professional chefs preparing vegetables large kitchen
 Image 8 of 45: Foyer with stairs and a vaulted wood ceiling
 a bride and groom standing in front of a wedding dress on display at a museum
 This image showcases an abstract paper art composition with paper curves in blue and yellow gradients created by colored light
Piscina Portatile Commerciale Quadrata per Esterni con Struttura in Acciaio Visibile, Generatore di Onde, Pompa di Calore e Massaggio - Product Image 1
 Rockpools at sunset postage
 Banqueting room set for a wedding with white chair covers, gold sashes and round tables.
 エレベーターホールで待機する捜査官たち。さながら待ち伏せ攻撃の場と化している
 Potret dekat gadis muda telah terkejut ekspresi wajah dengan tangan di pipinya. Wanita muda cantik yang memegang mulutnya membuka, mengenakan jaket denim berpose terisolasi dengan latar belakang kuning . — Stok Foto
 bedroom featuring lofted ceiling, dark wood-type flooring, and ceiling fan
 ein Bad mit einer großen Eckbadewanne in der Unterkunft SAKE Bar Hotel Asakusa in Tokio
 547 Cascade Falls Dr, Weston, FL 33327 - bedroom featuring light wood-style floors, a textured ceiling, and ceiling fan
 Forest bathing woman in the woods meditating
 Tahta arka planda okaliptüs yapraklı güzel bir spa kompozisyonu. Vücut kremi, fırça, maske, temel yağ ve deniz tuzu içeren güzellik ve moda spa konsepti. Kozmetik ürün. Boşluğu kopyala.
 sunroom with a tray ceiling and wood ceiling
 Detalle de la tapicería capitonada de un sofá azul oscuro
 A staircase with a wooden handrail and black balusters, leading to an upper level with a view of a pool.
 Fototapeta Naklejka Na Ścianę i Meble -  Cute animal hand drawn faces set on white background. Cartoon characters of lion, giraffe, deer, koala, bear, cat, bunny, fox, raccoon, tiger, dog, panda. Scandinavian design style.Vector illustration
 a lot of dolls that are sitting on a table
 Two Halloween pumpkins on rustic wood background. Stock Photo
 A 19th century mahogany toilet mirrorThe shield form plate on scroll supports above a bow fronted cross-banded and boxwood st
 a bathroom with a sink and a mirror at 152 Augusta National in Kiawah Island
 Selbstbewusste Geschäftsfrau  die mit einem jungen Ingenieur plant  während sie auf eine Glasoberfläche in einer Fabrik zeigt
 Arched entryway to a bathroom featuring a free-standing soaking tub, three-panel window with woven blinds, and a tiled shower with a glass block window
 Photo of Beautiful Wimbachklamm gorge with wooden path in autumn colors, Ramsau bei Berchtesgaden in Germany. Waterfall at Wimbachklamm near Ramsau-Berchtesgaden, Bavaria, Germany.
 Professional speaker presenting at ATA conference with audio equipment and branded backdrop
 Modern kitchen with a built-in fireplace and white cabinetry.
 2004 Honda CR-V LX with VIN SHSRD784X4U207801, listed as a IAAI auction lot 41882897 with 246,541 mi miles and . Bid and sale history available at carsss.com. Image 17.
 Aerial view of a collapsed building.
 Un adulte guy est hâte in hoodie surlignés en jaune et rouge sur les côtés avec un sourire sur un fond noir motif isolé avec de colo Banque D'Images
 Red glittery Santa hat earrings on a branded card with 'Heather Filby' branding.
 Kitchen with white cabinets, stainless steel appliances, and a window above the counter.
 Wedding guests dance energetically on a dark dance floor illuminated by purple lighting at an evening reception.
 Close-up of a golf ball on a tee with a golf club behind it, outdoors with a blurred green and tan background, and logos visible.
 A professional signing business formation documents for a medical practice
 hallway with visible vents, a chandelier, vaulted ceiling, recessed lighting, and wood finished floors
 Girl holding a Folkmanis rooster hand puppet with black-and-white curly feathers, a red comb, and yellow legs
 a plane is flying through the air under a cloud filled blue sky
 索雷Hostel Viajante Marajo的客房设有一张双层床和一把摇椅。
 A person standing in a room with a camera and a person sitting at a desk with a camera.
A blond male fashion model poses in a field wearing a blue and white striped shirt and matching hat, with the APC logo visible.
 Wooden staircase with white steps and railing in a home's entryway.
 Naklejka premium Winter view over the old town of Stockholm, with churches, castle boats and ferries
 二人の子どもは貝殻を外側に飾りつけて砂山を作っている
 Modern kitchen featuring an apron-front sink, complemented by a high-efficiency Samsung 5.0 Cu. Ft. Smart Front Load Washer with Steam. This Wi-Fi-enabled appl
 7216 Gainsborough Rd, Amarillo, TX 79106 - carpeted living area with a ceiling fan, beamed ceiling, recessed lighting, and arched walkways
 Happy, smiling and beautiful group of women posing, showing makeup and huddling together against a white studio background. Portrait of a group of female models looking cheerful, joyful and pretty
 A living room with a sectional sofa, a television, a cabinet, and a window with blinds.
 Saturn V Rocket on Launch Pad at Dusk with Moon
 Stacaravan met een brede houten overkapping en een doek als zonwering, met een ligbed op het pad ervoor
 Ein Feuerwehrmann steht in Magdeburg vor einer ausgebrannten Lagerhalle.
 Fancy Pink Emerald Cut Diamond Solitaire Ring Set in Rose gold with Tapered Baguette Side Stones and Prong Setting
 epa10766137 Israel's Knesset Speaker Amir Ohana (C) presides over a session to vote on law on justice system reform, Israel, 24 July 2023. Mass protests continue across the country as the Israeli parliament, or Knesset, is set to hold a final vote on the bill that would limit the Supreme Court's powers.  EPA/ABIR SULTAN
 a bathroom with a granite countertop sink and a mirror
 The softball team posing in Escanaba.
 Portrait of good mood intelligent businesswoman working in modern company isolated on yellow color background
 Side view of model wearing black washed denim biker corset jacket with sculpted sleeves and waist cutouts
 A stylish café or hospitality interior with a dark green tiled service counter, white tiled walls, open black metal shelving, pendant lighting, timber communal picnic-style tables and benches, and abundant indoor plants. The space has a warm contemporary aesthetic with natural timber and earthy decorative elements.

● **Your objective**
In the listing above, find the line with "Aerial view of a collapsed building." and the line with "A living room", then print exactly those lines and every line between them.

● **Result for this task**
 Aerial view of a collapsed building.
 Un adulte guy est hâte in hoodie surlignés en jaune et rouge sur les côtés avec un sourire sur un fond noir motif isolé avec de colo Banque D'Images
 Red glittery Santa hat earrings on a branded card with 'Heather Filby' branding.
 Kitchen with white cabinets, stainless steel appliances, and a window above the counter.
 Wedding guests dance energetically on a dark dance floor illuminated by purple lighting at an evening reception.
 Close-up of a golf ball on a tee with a golf club behind it, outdoors with a blurred green and tan background, and logos visible.
 A professional signing business formation documents for a medical practice
 hallway with visible vents, a chandelier, vaulted ceiling, recessed lighting, and wood finished floors
 Girl holding a Folkmanis rooster hand puppet with black-and-white curly feathers, a red comb, and yellow legs
 a plane is flying through the air under a cloud filled blue sky
 索雷Hostel Viajante Marajo的客房设有一张双层床和一把摇椅。
 A person standing in a room with a camera and a person sitting at a desk with a camera.
A blond male fashion model poses in a field wearing a blue and white striped shirt and matching hat, with the APC logo visible.
 Wooden staircase with white steps and railing in a home's entryway.
 Naklejka premium Winter view over the old town of Stockholm, with churches, castle boats and ferries
 二人の子どもは貝殻を外側に飾りつけて砂山を作っている
 Modern kitchen featuring an apron-front sink, complemented by a high-efficiency Samsung 5.0 Cu. Ft. Smart Front Load Washer with Steam. This Wi-Fi-enabled appl
 7216 Gainsborough Rd, Amarillo, TX 79106 - carpeted living area with a ceiling fan, beamed ceiling, recessed lighting, and arched walkways
 Happy, smiling and beautiful group of women posing, showing makeup and huddling together against a white studio background. Portrait of a group of female models looking cheerful, joyful and pretty
 A living room with a sectional sofa, a television, a cabinet, and a window with blinds.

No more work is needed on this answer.